The coup in 2014 led to the establishment of a "superboard" with sweeping power to supervise all SOEs, aiming to improve performance and efficiency. Previously, SOE boards were stacked with political appointees and their cronies. In year four of military rule, politicians have been replaced with junta appointees, mostly in uniform, and their associates. I find it hard to believe that these new board members can eradicate nepotism from the boardrooms of SOEs. The superboard is heading in the wrong direction.

The mandate of the superboard is to clean up the mess with a new governance framework and clearer roles for all parties. But nothing of substance has emerged. Worse still, corruption allegations continue to surface. The Rolls-Royce saga is only the latest to embroil two high-profile SOEs. Prosecutors in the US and Britain claimed that the aircraft engine maker made illicit payments over 20 years to officials linked to Thai Airways International and PTT.
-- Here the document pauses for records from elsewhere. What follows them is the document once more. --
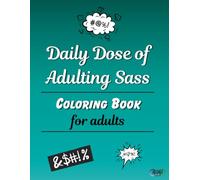 Daily Dose of Adulting Sass [Adult Coloring Book] (Daily Dose of..... Adult Coloring Books)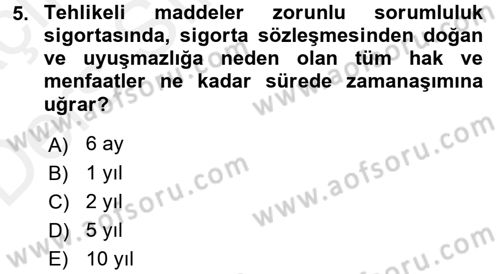Hayat Dışı Sigortalar Dersi 2017 - 2018 Yılı 3 Ders Sınav Soruları 5. Soru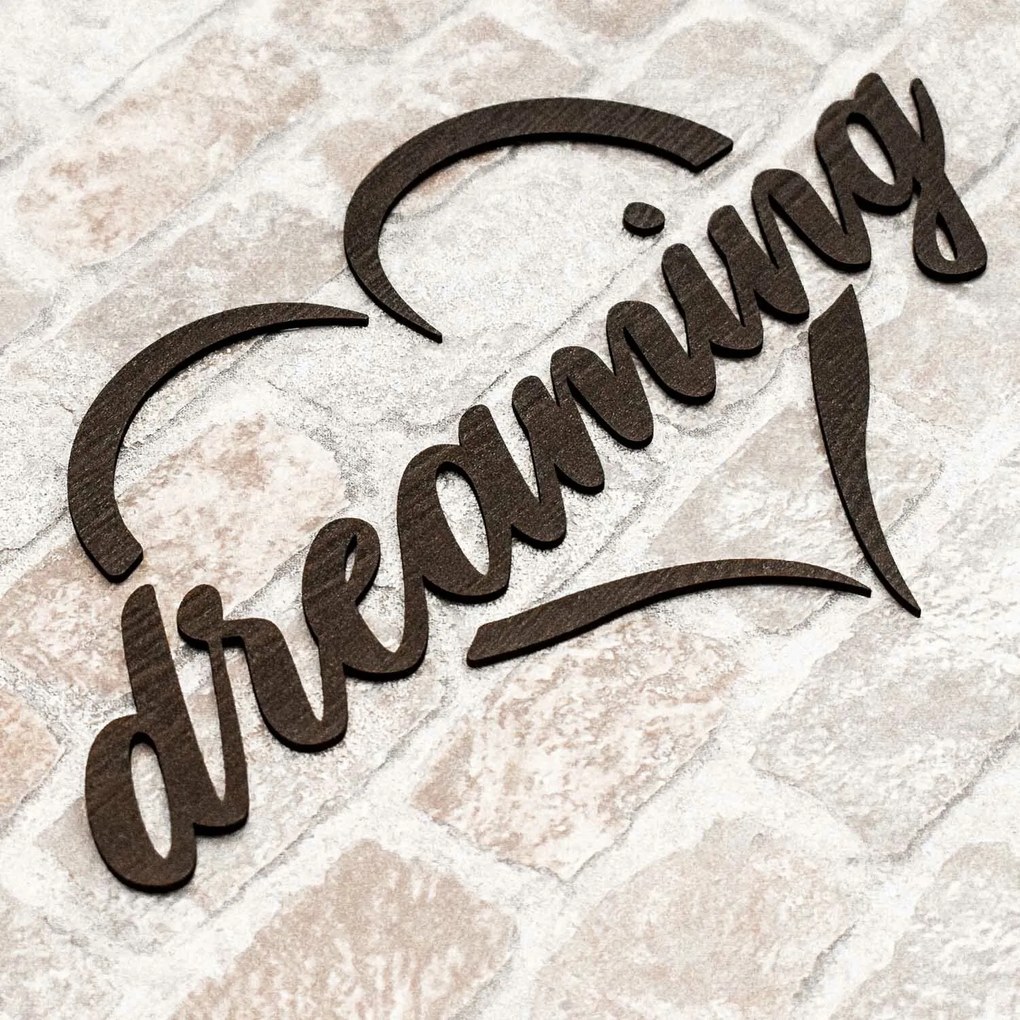 Motivačný nápis na stenu - Never stop dreaming | DUBLEZ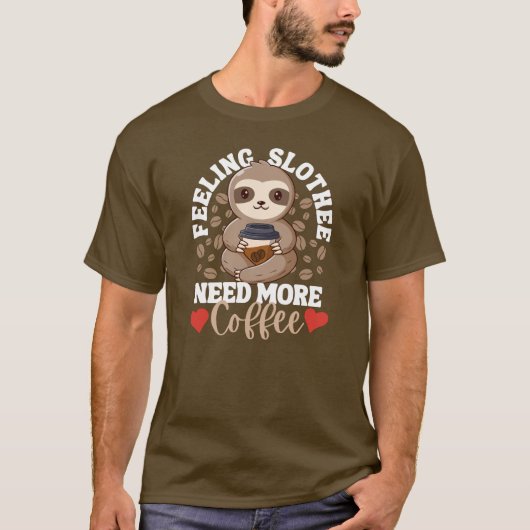 Gefühl Slothee braucht mehr Kaffee Funny Sloth Lie T-Shirt (Vorderseite)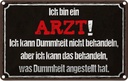 Blechschild 20x30 cm ich bin Arzt kann behandeln Spruch Zitat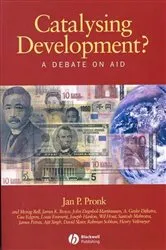Book cover of Catalysing Development? by Jan P. Pronk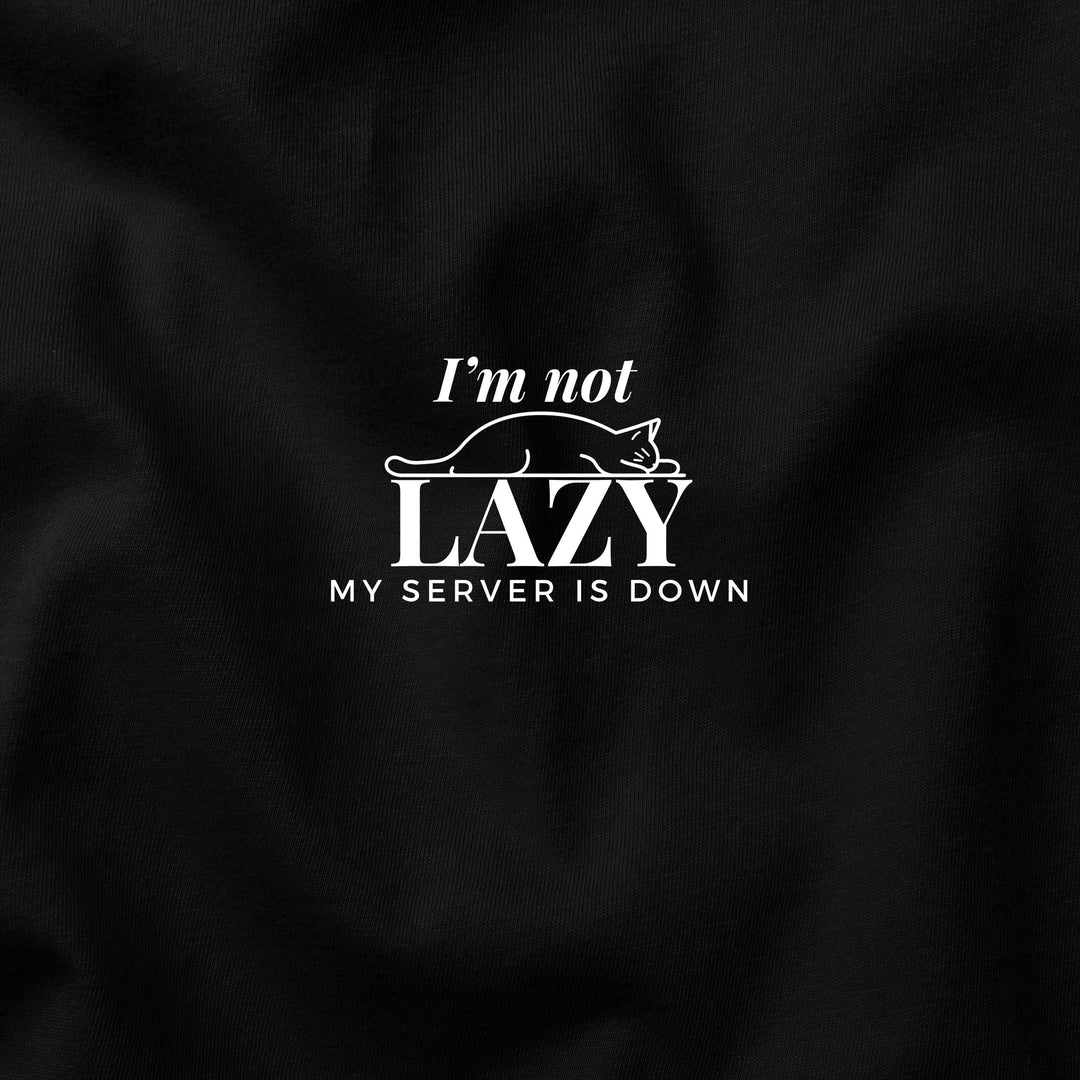 I'm not lazy; my server is down T-shirt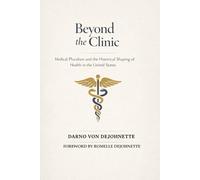 Beyond the Clinic: Medical Pluralism and the Historical Shaping of Health in the United States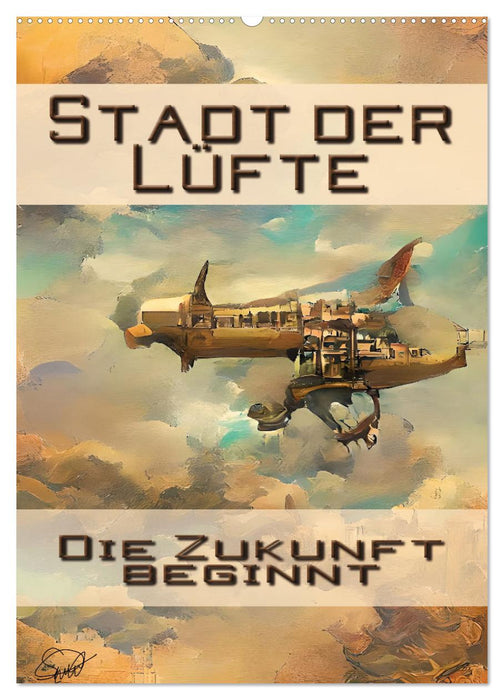 Stadt der Lüfte, die Zukunft beginnt (CALVENDO Wandkalender 2027)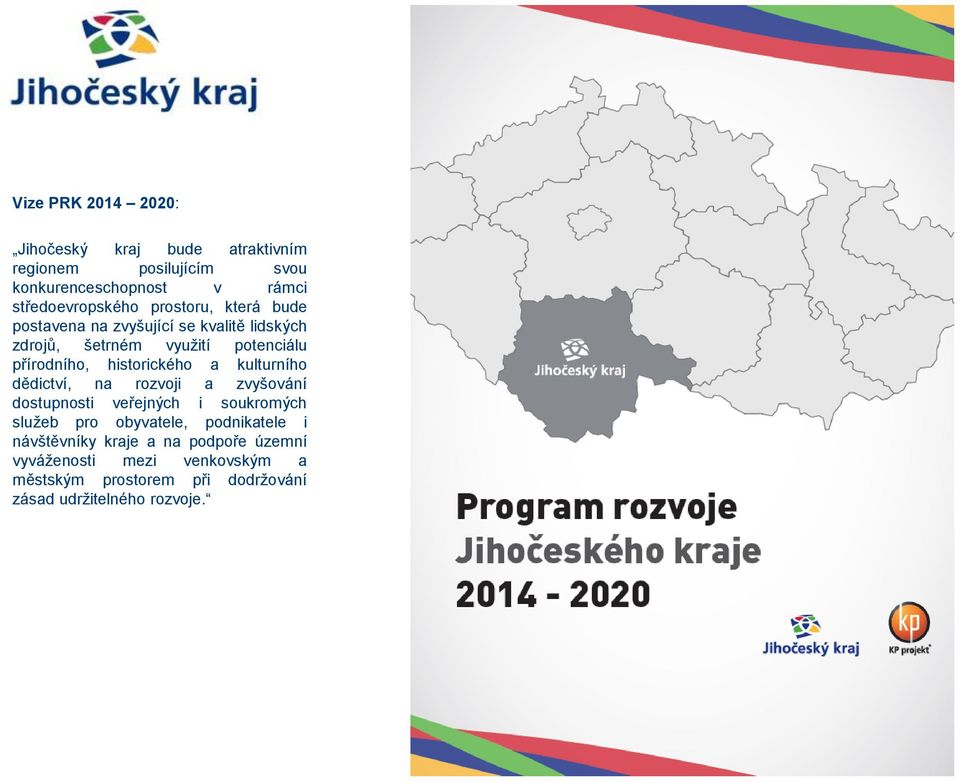 a kulturního dědictví, na rozvoji a zvyšování dostupnosti veřejných i soukromých služeb pro obyvatele, podnikatele i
Interestingly, Rolls-Royce has already agreed to pay a £671-million fine to settle the corruption allegations. Neither THAI nor PTT has been charged with any offence. Both companies issued the usual statements about setting up task forces to look into the allegations, which are unlikely to yield anything, especially prosecution.

What is more worrying is the proposed establishment of a 100% Finance Ministry-owned holding company to take ownership of 12 corporate-type SOEs, with the remaining SOEs that were set up under a specific law to come under the State Enterprise Policy Office. This structure looks like a remnant of the centrally planned economic model of the former USSR in the 1960s, and we all know how well that turned out.

What the country needs is full privatisation. This is not just a Thai problem. Governments around the world make ineffective business managers. Political pressures rather than sound economic and business sense drive them. Admittedly, public-sector reform entails political costs. The entrenched interests of most bureaucrats and many politicians, and the fear of losing power and money as a result of changing the status quo, have established a potent resistance to real reform measures.

Nevertheless, Britain and Russia faced similar dilemmas and overcame the obstacles because their citizens rose up and demanded change from their leaders. During the 1980s and 1990s, prime minister Margaret Thatcher privatised several SOEs, such as British Petroleum, British Telecom and British Airways, as well as rail, electricity and gas companies. Party secretary Mikhail Gorbachev also did the unthinkable in Communist Russia at the time, pushing through "perestroika" and "glasnost" policies in the 1980s.

The path to SOE reforms was bruising -- militant trade unions in Britain put up a stiff fight, and there were nationwide general strikes and blockades. Troops were deployed to face down the unions, and the unions eventually succumbed.

Privatisation and deregulation often occur together. Free-market competition will spur improvements in efficiency and services. Selling state-owned assets to the private sector would raise significant sums for the government, but this takes finesse. Get it wrong and you could end up like the Russians, who sold assets at fire-sale prices to oligarchs.

There are a number of conditions for privatisation to succeed, including a promising economy with adequate national savings; a healthy banking system; a viable capital market; a reasonable level of inflation; political commitment to withstand resistance from interest groups and bureaucrats; a high level of public acceptance; transactional factors such as financial expertise, adequate standards of financial reporting, permissible collective agreements with unions and a capacity to create legislation to facilitate privatisation; and an adequate regulatory framework.

I believe Thailand meets most of these conditions -- the only missing link is the will of the people to push their leaders to take that first step in the right direction.


Teera Phutrakul CFP® is a certified financial planning professional and member of the Institute of Directors.